On the other hand, balance of grace and mercy is needed...yea necessary if we are to be effective. This sin issue, if you have forgotten, affects everyone. "If anyone says they haven't sinned, the truth is not in them." We have all sinned. Therefore, the first person you will need to deal with is the one you see in the mirror each day. Be sure you stop the sin without killing the person. This is that all too oft overlooked balance.

Notice in Ephesians 4. Paul instructs the hearer to be humble and gentle, longsuffering, forbearing one another, etc. (v.2) Then he spends a good deal of time not mincing words about those who walk in unrighteousness, lasciviousness, and immoral behavior. The line is pulled tight! In v.25-30 he says, in essence, whatever you are doing in sin...stop doing it! But before the chapter has ended he reverts back to reminding the reader of mercy and forgiveness. (v.32)
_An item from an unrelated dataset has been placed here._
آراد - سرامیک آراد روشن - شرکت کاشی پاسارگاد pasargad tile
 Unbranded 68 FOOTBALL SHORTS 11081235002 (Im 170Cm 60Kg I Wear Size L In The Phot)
I have found that 'religious' folks have a real appetite for the "preaching against" stuff. "Hold the line" I have heard them say. Well, unless you have some mercy to hold the line on the other end, you have no clue about walking the line. The Tightline of Grace requires a pull from each side.

All that to say, we never endorse sin! But when a sinner turns for home, we immediately embrace them, love them and nurse them back to health. It is not Gods will to shoot wounded Christians. Galatians 6:1 must ring in our hearts.

I hope you are equipped to walk the line. You will need strong positions on either side and a good deal of balance. I wish you well.